使用redis和mongodb下載小說，並用pytest做測試

weixin_34249678發表於2019-01-06

原文網址 : https://blog.csdn.net/weixin_34249678/article/details/88286454

週末為了熟悉mongodb和redis，寫了一個抓取《白夜行》小說的程式，並且用pytest測試框架做單元測試, 使用了執行緒池加快下載速度：

# white_novel.py
""" 使用redis儲存網址，使用mongodb儲存內容"""

import lxml.html  # type: ignore
import requests  # type: ignore
import redis  # type: ignore
from pymongo import MongoClient, database
from concurrent.futures import ThreadPoolExecutor, as_completed
import time
from multiprocessing.dummy import Pool
from functools import partial

class DownloadWhite:
    KEY = 'urls'

    def __init__(self, workers=15, home_url='http://dongyeguiwu.zuopinj.com/5525'):
        self.workers = workers
        self.home_url = home_url
        self.redis_client = redis.StrictRedis(decode_responses=True)
        mongo_client = MongoClient()
        db: database.Database = mongo_client['Chapter6']
        self.collection = db['white_novel']

    def _clear(self):
        self.redis_client.delete(self.KEY)
        self.collection.delete_many({})

    def save_urls(self):
        home_page = requests.get(self.home_url).content.decode()
        selector = lxml.html.fromstring(home_page)
        useful = selector.xpath('//div[@class="book_list"]/ul/li')
        urls = []
        for i, li in enumerate(useful):
            url = li.xpath('a/@href')[0] if li.xpath('a/@href') else None
            urls.append(url)
        self.redis_client.rpush(self.KEY, *urls)

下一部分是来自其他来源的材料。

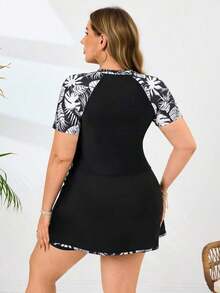 Swim  Nuevo traje de baño de una pieza elegante, traje de baño informal con estampado de hojas para mujeres de talla grande, traje de baño de una pieza para mujeres de talla grande, conjunto de shorts de dos piezas para mujeres de talla grande, traje de baño de una pieza para mujeres con curvas, conjunto de shorts para mujeres con curvas - Multicolor 2 - Ver 2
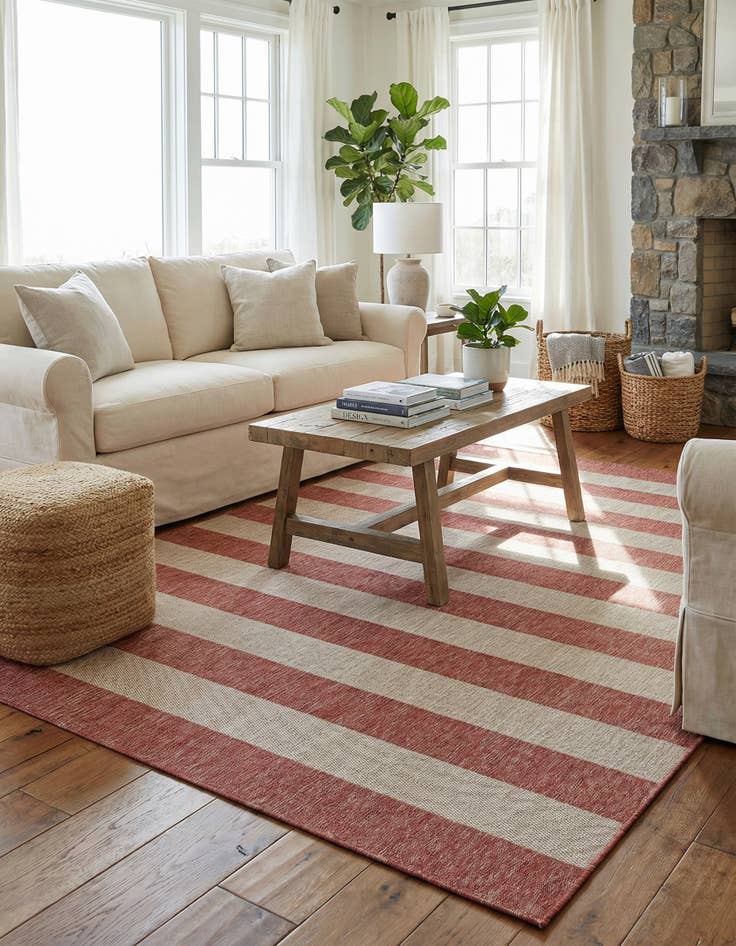 Detail image of 7' 10 x 10' Washable Ribbon Indoor / Outdoor Rug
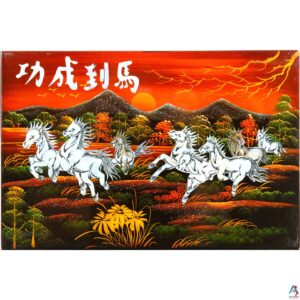Tableau en Bois Laqué, Les 8 chevaux du bonheur, Fabriqué à la main. Panneau Murale du Vietnam | Décoration et Artisanat Asiatique | Article vendu par la Boutique Art-Saigon.com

    def download_novel(self):
        client = self.redis_client
        contents = []
        urls = client.lrange(self.KEY, 0, -1)
        if not urls:
            return
        # method1
        # with ThreadPoolExecutor(max_workers=self.workers) as executor:
        #     futures = [executor.submit(self._download_chapter, url, contents) for url in urls]
        # for _ in as_completed(futures):
        #     pass
        # method2
        pool = Pool(self.workers)
        pool.map(partial(self._download_chapter, contents=contents), urls)
        print(f'at last insert {len(contents)} chapters')
        self.collection.insert_many(contents)

    @staticmethod
    def _download_chapter(url, contents: list) -> None:
        page = requests.get(url).content.decode()
        selector = lxml.html.fromstring(page)
        title = selector.xpath('//div[@class="h1title"]/h1/text()')[0]
        content = '\n'.join(selector.xpath('//div[@id="htmlContent"]/p/text()'))
        contents.append({'title': title, 'contnet': content})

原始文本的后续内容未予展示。